- [What you should do]: Exactly the lines below from the line with "Structured White Cotton" through the line with "Lands’ End Women’s" must make up the answer, both ends included and pictures left out.

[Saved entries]

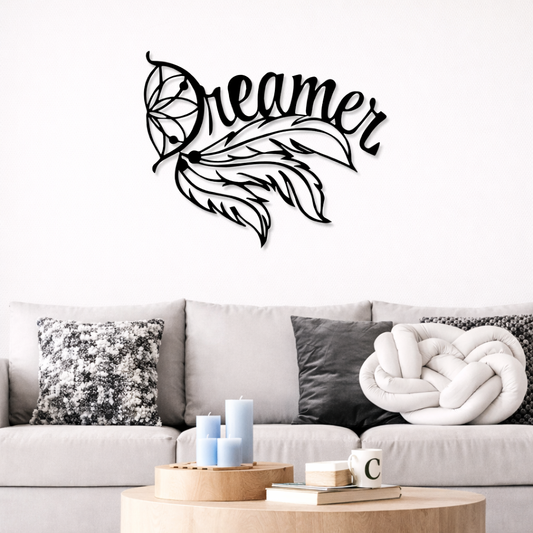 Beautiful Design Dream Text with Leaf Metal Wall Art | Premium Laser-Cut Wall Decor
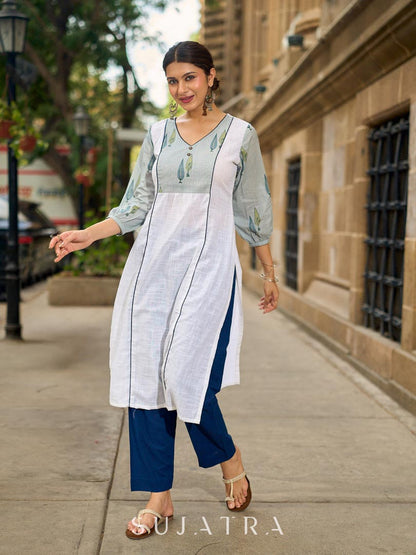Structured White Cotton Kurta with Powder Blue Printed Yoke & Gathered Puff Sleeves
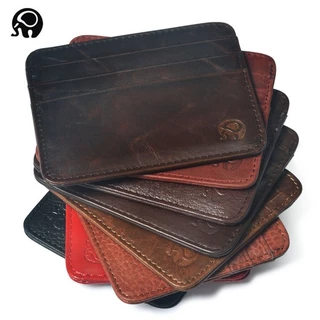 Nova Carteira De Couro Fina Genuíno Mini Slim Bank Porta Cartão De Crédito Para Homens Negócios Pequena Homem 6 Slots-Cartões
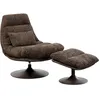 Image de Fauteuil pivotant et repose-pieds Montreal marron Kare Design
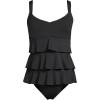 Lands’ End Women’s Smoothing Control Ruffle Fauxkini One Piece Swimsuit(Black)
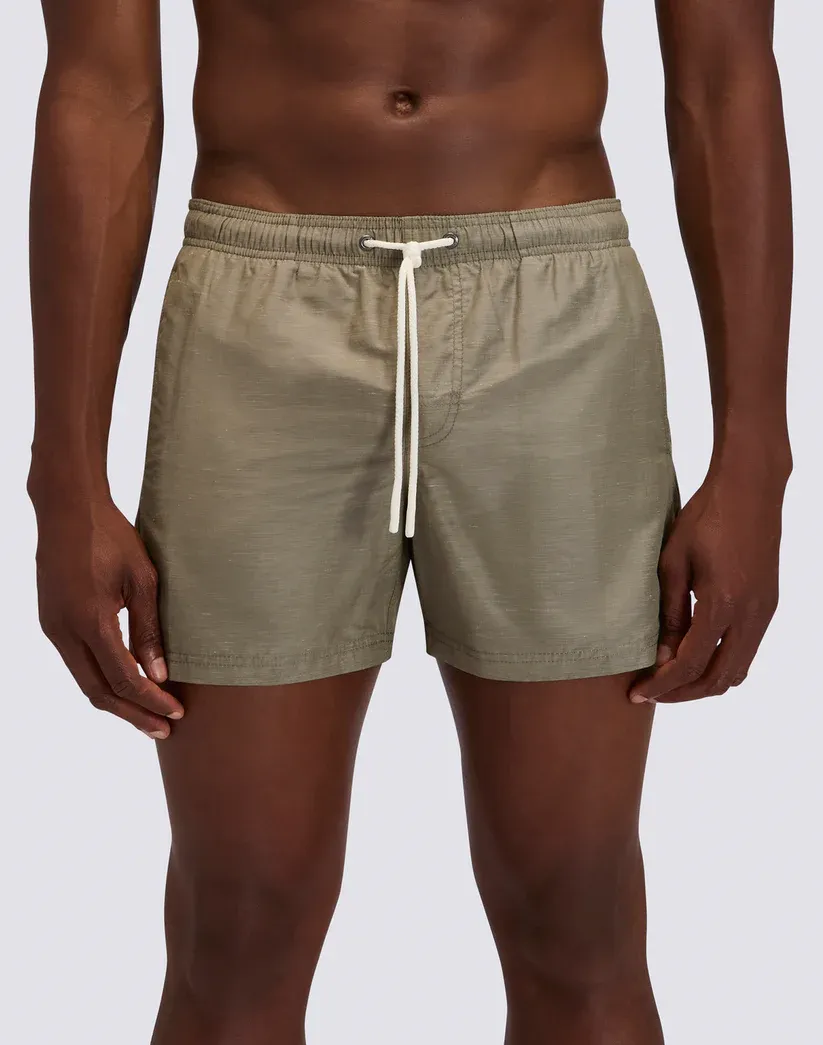 SUNDEK MEN GOLDENWAVE SHORT ELASTIC WAIST SWIMSUIT IN RECYCLED LINEN - PINE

- [Written response]:
Structured White Cotton Kurta with Powder Blue Printed Yoke & Gathered Puff Sleeves
 Nova Carteira De Couro Fina Genuíno Mini Slim Bank Porta Cartão De Crédito Para Homens Negócios Pequena Homem 6 Slots-Cartões
 Image de Fauteuil pivotant et repose-pieds Montreal marron Kare Design
 Lands’ End Women’s Smoothing Control Ruffle Fauxkini One Piece Swimsuit(Black)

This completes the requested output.